:: RECORDS SHOWN ::

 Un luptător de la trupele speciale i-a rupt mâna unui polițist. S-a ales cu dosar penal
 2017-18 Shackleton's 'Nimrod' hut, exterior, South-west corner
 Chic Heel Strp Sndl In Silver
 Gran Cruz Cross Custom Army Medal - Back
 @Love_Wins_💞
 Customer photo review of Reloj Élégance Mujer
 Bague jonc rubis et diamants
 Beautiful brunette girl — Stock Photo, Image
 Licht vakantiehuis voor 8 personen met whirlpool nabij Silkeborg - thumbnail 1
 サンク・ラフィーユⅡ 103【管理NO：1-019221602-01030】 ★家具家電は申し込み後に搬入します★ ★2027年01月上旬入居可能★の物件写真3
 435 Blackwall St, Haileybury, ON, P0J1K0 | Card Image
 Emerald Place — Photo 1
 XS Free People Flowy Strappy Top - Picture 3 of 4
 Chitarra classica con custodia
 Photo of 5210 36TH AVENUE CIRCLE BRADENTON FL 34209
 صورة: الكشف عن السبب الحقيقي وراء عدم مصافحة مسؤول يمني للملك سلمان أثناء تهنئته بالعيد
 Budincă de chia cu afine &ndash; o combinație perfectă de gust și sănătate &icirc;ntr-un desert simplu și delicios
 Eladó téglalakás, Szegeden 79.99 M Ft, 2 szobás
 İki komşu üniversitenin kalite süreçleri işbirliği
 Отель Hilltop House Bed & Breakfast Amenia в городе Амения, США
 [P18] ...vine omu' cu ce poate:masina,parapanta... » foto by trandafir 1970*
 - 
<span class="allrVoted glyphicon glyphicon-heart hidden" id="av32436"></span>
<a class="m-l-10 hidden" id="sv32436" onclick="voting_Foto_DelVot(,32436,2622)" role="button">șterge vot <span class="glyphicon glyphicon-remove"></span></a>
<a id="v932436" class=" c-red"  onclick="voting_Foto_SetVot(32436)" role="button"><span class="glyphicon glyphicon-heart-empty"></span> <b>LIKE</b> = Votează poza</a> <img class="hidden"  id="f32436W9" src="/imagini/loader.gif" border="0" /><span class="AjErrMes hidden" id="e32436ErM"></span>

:::

— AIM OF THE TASK —
Go to the line with "Gran Cruz Cross Custom Army Medal - Back" in the entries above and repeat every line from there through the line with "Licht vakantiehuis voor", exactly and with no other text.

— EXPECTED ANSWER —
 Gran Cruz Cross Custom Army Medal - Back
 @Love_Wins_💞
 Customer photo review of Reloj Élégance Mujer
 Bague jonc rubis et diamants
 Beautiful brunette girl — Stock Photo, Image
 Licht vakantiehuis voor 8 personen met whirlpool nabij Silkeborg - thumbnail 1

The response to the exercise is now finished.